About Gyros

Gyrocopters were invented and first flown in the U.S by Dr. Igor Bensen in 1955. Before the Gyrocopter, there was the Gyroglider of the 1940’s. The original “autogiro” was invented by Sr. Juan de la Cierva, a Spanish aeronautical engineer around 1923. He had been injured while testing an airplane design, and vowed to build a safe aircraft that would not stall or spin, and descend safely in case of engine failure. Cierva came to the U.S to form his own company. About 200 autogyros were manufactured and sold during the 1930’s, where they saw action for agricultural work and by the US Army.

 

The name “Gyrocopter” combines the descriptions of the flying features of the autogyro and the helicopter. The name Gyrocopter is owned by the Bensen Aircraft Corporation and is actually a brand name like Kleenex.
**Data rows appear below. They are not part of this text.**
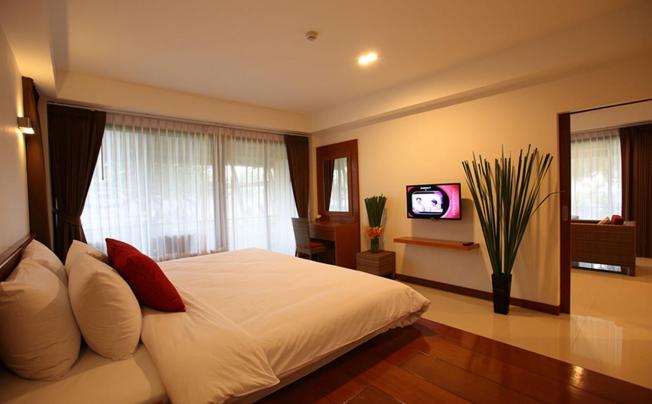 Фото отеля Bangsaen Heritage hotel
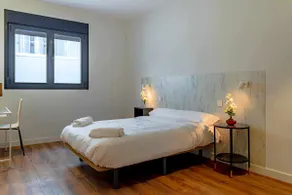 Two-bedroom apartment, Plaza Mayor - Image 2
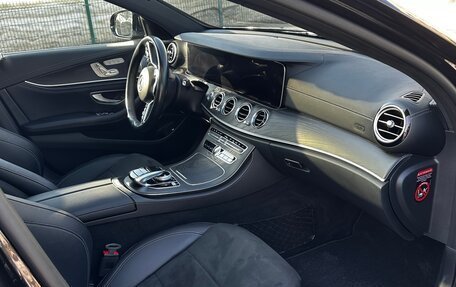 Mercedes-Benz E-Класс, 2019 год, 5 370 000 рублей, 10 фотография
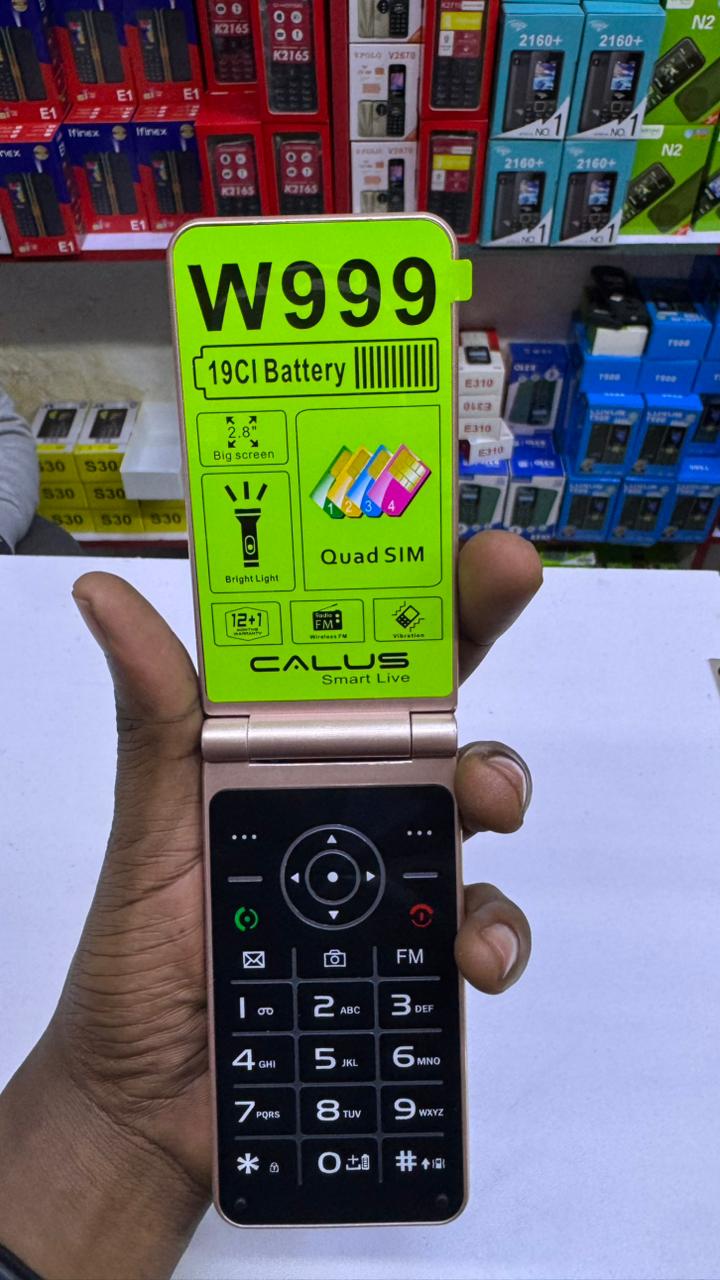 LIMITED DISCOUNT💃🏻💃🏻🔥🔥CALUS W999 Flip Phone - Quad SIM, 32GB Storage, 2.4" Display, Type-C FEATURE PHONE WITH Bluetooth /Wireless FM/SD Slot kabambe/katululu/mulika mwizi/button feature phone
The FAA refers to these flying machines as gyroplanes, but whether they are referred to as gyrocopters, gyroplanes or autogyros, they are all talking about the same thing.

 

The first autogyros used short wings, but later the function of lift and flight controls were transferred to the rotor.

 

The rotor of the autogyro is not powered in flight. The airflow goes through the rotor from the bottom up. It is exactly the opposite of the helicopter, where the airflow comes from the top of the rotor. Because there is no power on the rotor, there is no torque against the airframe.

 

The helicopter came about much earlier than the autogyro. The first successes came in France as early as 1907, but the helicopter really didn’t blossom until 1940 when inventor Igor Sikorsky developed the tail-rotor type of helicopter design we are familiar with even to this day. The helicopter’s main advantages include its abilities to take off and land vertically, hover, and fly sideways and backwards, but the cost of this advanced flying machine puts it out of the reach of most average people.

 

The helicopter has a nose-down attitude during flight. That’s because it must tilt its rotor forward and pull itself forward by the rotor. This is just the opposite of the autogyro, which has the rotor tilted backward, with an almost level attitude during forward flight. Its forward motion comes from a pushing propeller.

 

Returning to the term “gyrocopter”… It is really derived from the similarities between helicopters and autogyros, for there are certain circumstances where the helicopter flies like autogyros and vice versa. The helicopter flies like an autogyro when its engine quits or power drops to zero. Almost all helicopters have the ability to fly in auto-rotation, where their rotors are turned by the force of wind alone, just as in autogyros. In a helicopter, this is a safety feature for descent under control in case of an engine failure.